A society in which the leading newspaper can with a straight face print unmitigated propaganda like this — complete and utter bullshit — is in deep trouble.
Make no mistake, our national media now exists to help a tiny segment of our population fleece the rest of us.

Ever since Alan Greenspan’s easy money policies of the 1990s shepherded in our New Gilded Age, the age of total tackiness which has ended inevitably with the election of a huckster president to preside over a huckster economy, the entire world has been in thrall to the idea that all of the globe’s economic problems can be solved through the simple alchemy of low interest rates.

The central bankers have made the already filthy rich absolutely filthy stinking rich — without having to work much or create much to do it. For the rest of the population, the results have been catastrophic.

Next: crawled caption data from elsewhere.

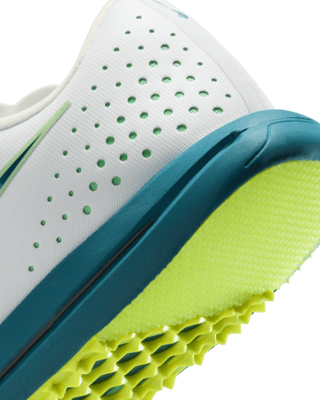 NIKE TRIPLE JUMP ELITE 3　25cm Nike Triple Jump Elite 3 Athletics Jumping Spikes. Nike IL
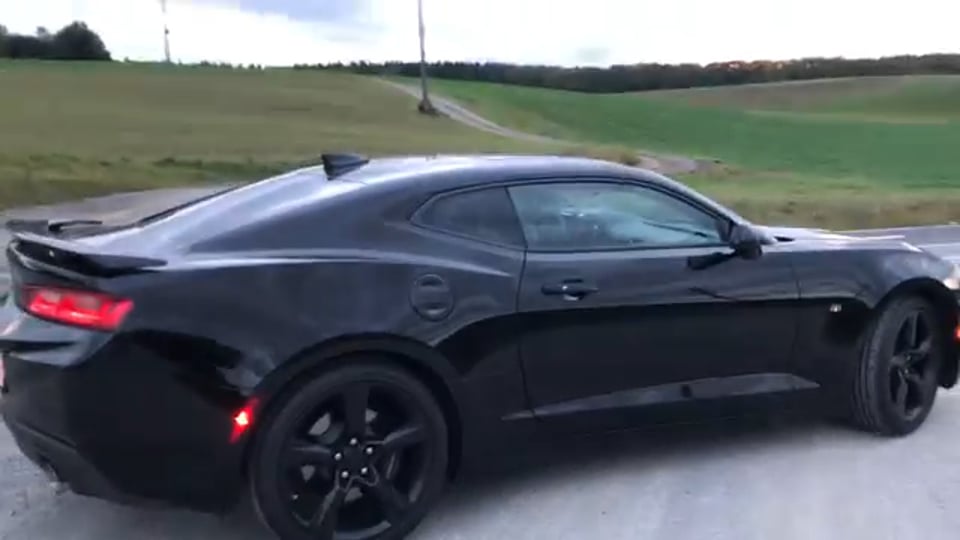 Offroad Network - Parts for Jeep Wrangler and RAM 1500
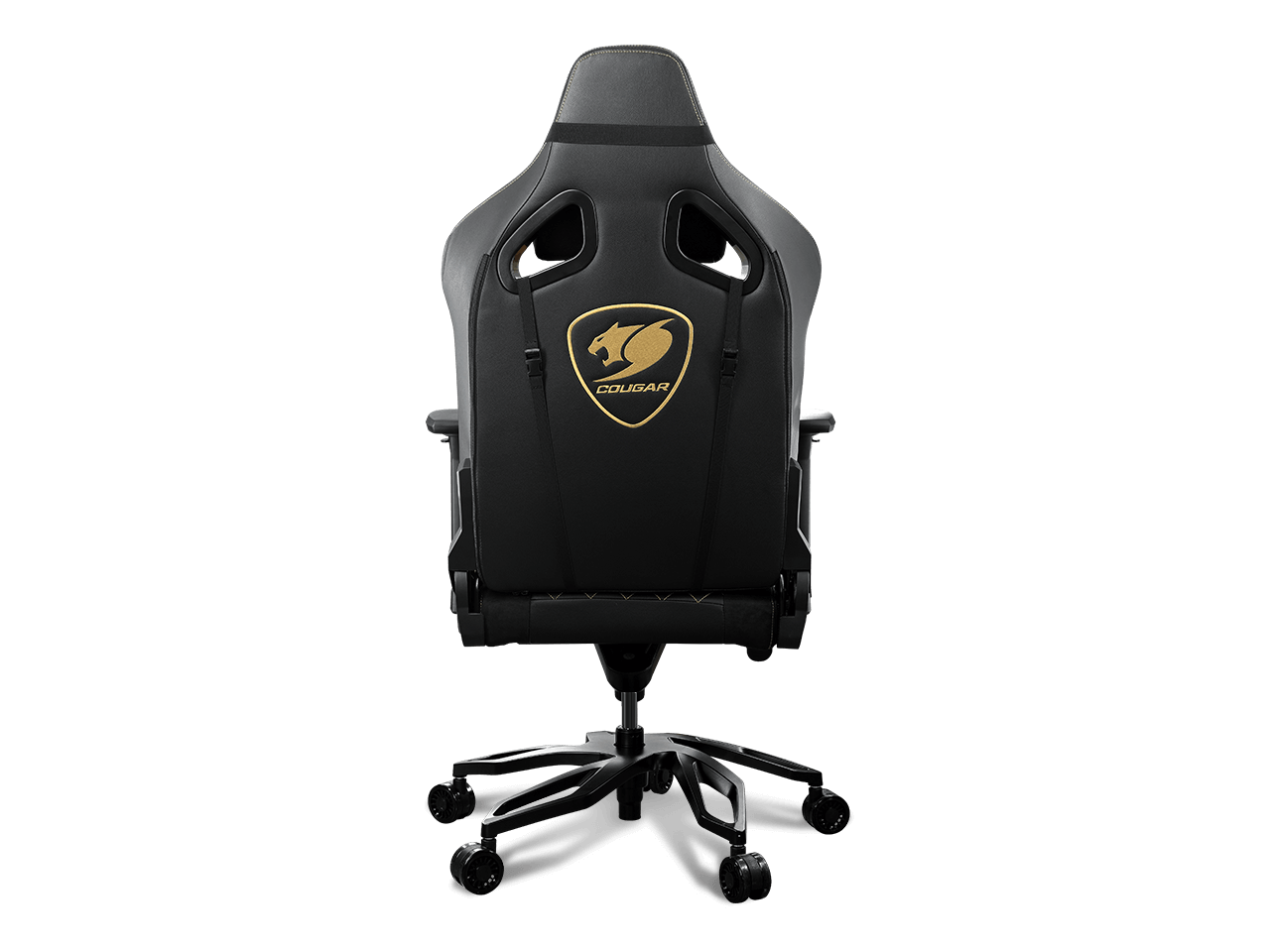 COUGAR ARMOR TITAN PRO Royal Gaming Chair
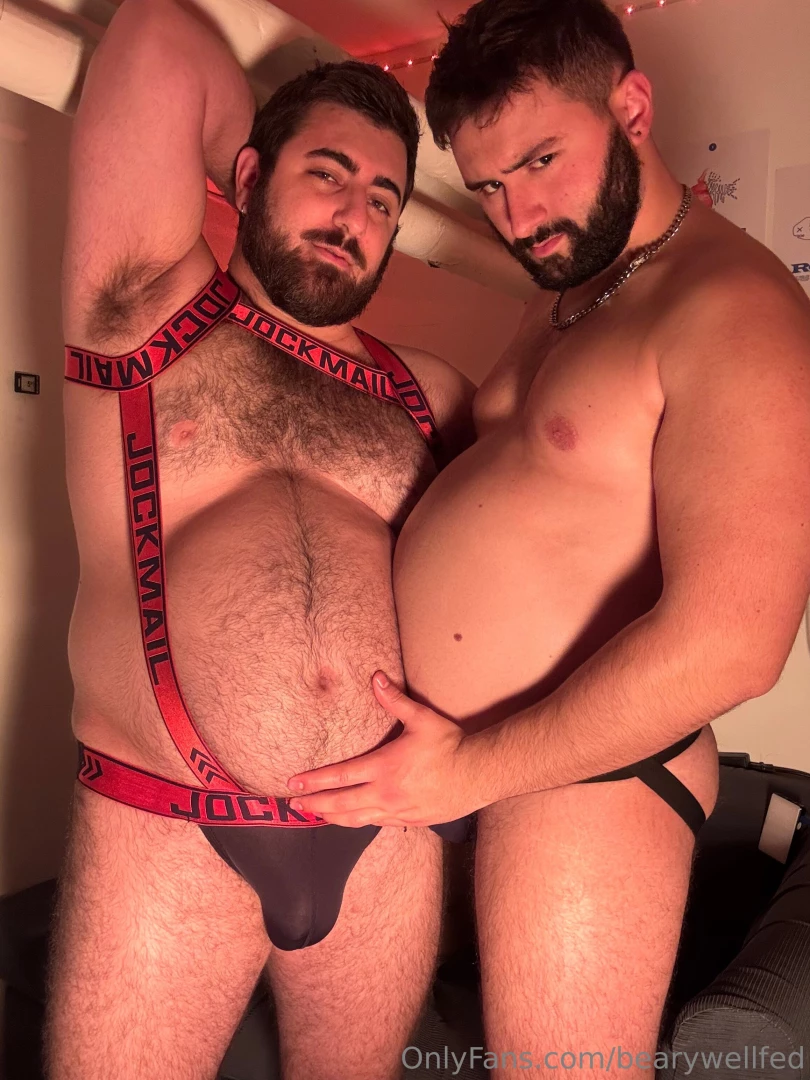 My friend and i were thinking about something i hope you re into it part 7 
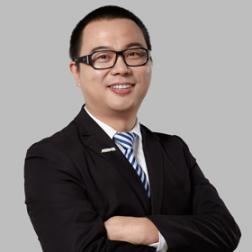 严志强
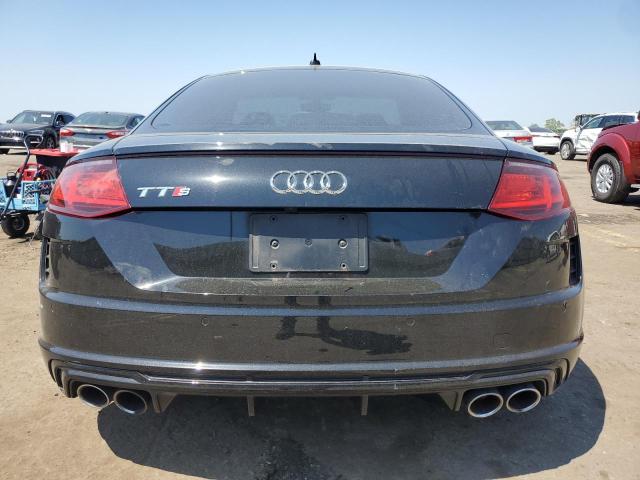 Photo 5 VIN: TRUA1AFV5M1004500 - AUDI TTS 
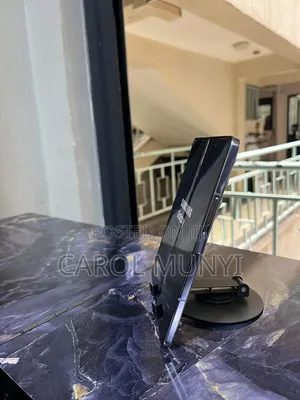 New Samsung Galaxy Fold 512 GB Purple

Easy money’s disasters have been by turns dramatic or subtle, but always ineluctably damaging to the nation’s economic health.
Easy money creates bubbles.
And bubbles always pop.

First we had the dot-com bubble of the late 1990s when a heady mix of new technology and the easiest money in decades led to an orgy of speculation. Billions in sucker cash was thrown at an array of startups we can now only laugh at. Suckerfool scams like Webvan, Pets.com, Flooz and a host of others raked in millions in “investor” cash, only to see it all go poof. (My personal fave has to be Dr.Koop.com, a medical advice site started by Reagan’s Amish-esque surgeon General, Dr. C. Everett Koop. The stock peaked, unbelievably, at 45 clams a share, before collapsing,)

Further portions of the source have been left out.